Returning from what already was a bad mid-March night of racing at Tulsa Speedway, Middaugh and his team were about an hour from home when a huge wind gust sent their truck and trailer off Highway 54 going through the Lake of the Ozarks area.
“I was driving and just held the steering wheel straight and got everything stopped and shut down,” Middaugh recalled. “We jumped a pretty sizable ditch and took some air time.”
Middaugh and five others riding escaped injury. The trailer did not. It was totaled and the race car, already with damage after an 11th-place feature finish, and everything inside the trailer was beat up.
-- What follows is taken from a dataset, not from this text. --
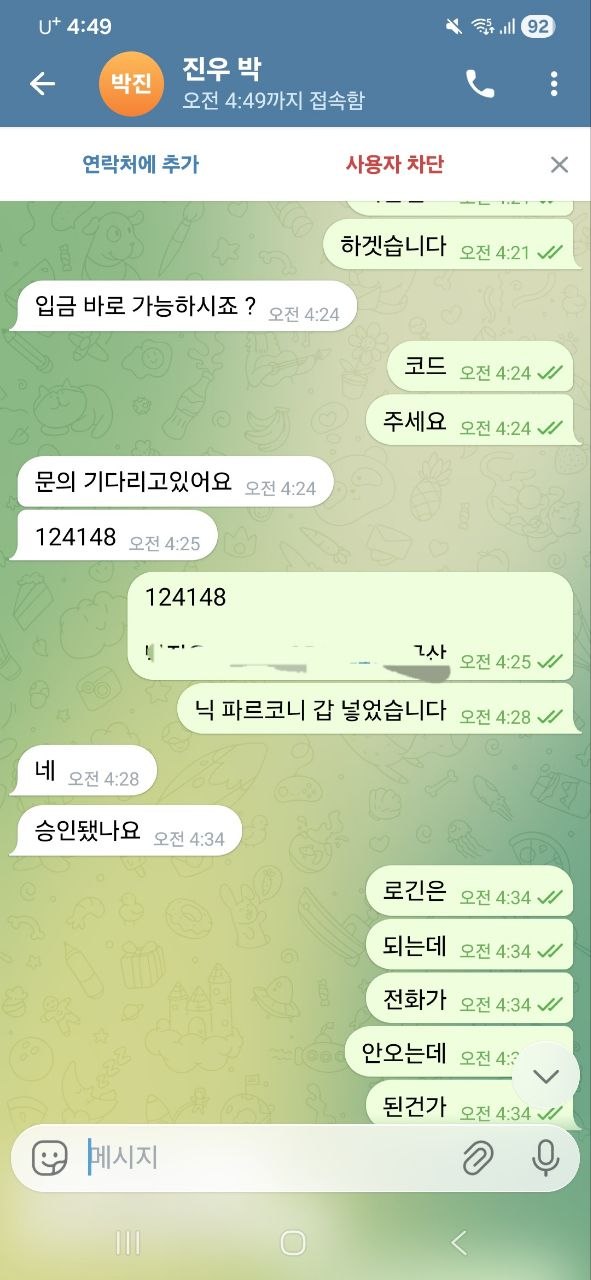 9b7b8a9319a46c3d63ad0528c2bd4b84_1787129894_7333.jpg 9b7b8a9319a46c3d63ad0528c2bd4b84_1787129894_7333.jpg
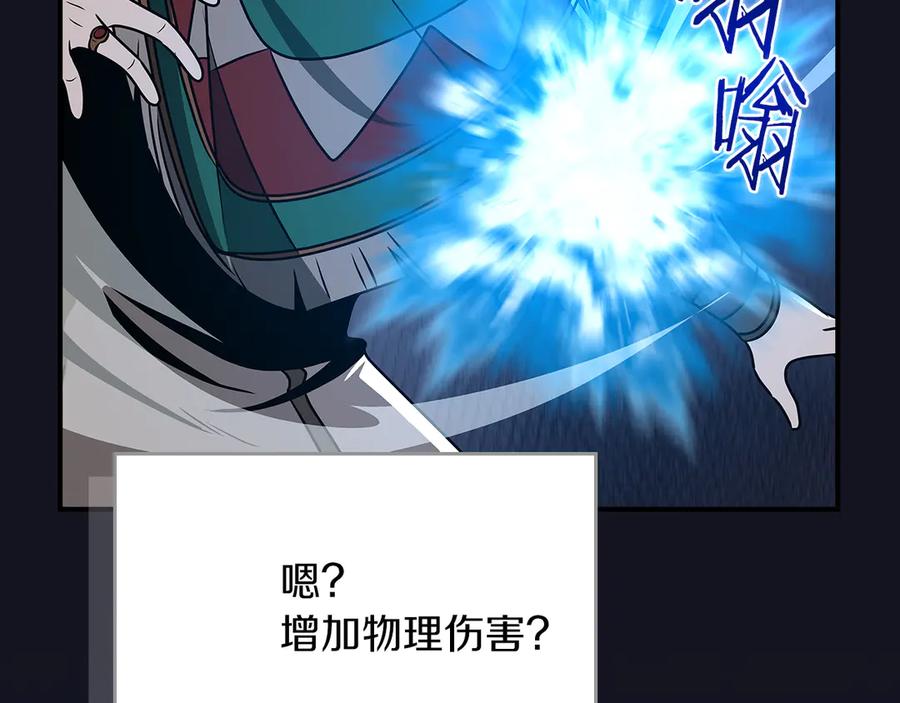 《全民神战：只有我能看到隐藏信息》第98话 新篇章 沙漠之旅开启 第255页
“It was a mess getting everything out of our trailer onto the side of the road,” Middaugh said. “My buddy brought down a flat-bed and we got the car out of the trailer and other stuff loaded.”
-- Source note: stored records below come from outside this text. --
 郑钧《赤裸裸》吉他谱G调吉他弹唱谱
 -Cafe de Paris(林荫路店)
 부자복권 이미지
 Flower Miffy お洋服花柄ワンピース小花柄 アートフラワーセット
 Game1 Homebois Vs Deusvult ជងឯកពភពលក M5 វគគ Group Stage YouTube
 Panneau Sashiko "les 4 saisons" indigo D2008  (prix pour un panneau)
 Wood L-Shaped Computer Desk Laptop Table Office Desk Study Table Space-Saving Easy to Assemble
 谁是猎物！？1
By the afternoon, the car and equipment had been hauled back to the shop in Fulton. Somehow, Middaugh had things ready to go in just seven days and made the Big Adventure RV Weekly Racing Series opener at Lucas Oil Speedway and posted a second-place feature finish.
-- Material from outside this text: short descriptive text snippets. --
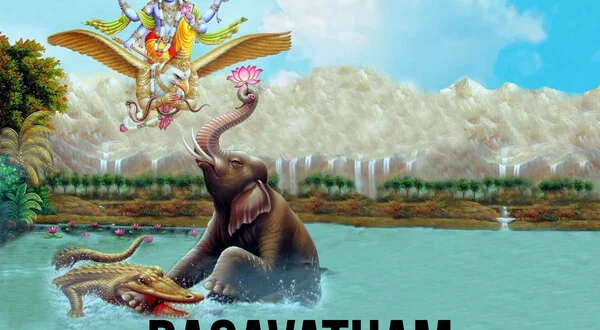 Bagavatham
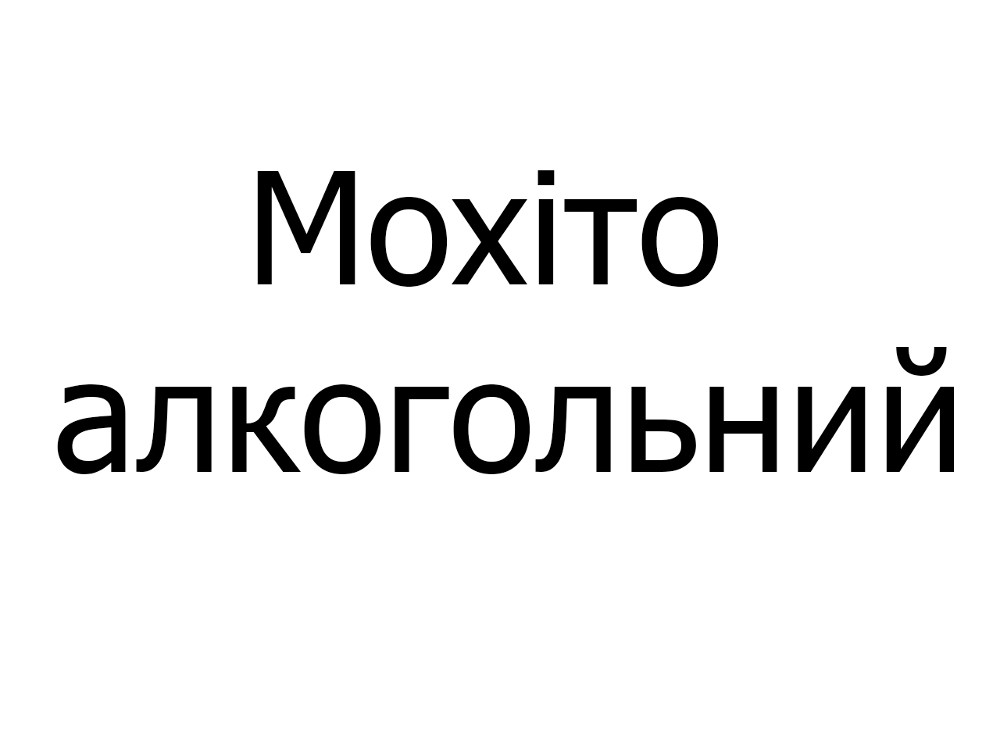Коктейль Мохіто алкогольний, 250 мл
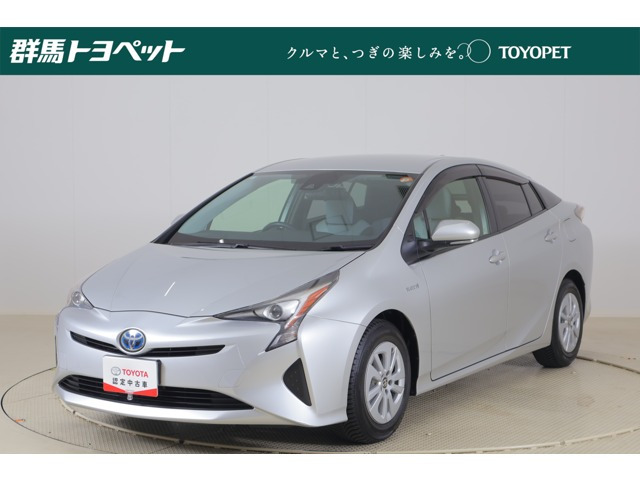 プリウス1.8 S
“Somehow we rebounded and our on-track results never wavered,” Middaugh said recently, reflecting on the bounce back.
With five feature wins and 14 top-five five finishes, he won his first Lucas Oil Speedway track championship by 193 points over runner-up Jason Pursley. Overall, he won 18 features and added a fourth championship at his hometown Callaway Raceway.
He also wound up third in USRA Modified national points.
“Good people,” Middaugh said of the key to the season – and the rally from the highway accident. “Without other people helping out it never would have happened.”
Middaugh gave shoutouts to Jordan Martin, his cousin and a B-Mod racer, along with former B-Mod competitor Jason Watson for loaning his trailers to get him through a one-month period before he located a trailer. Just before his April 22 victory at Wheatland, he made a trip to West Virginia for a replacement truck.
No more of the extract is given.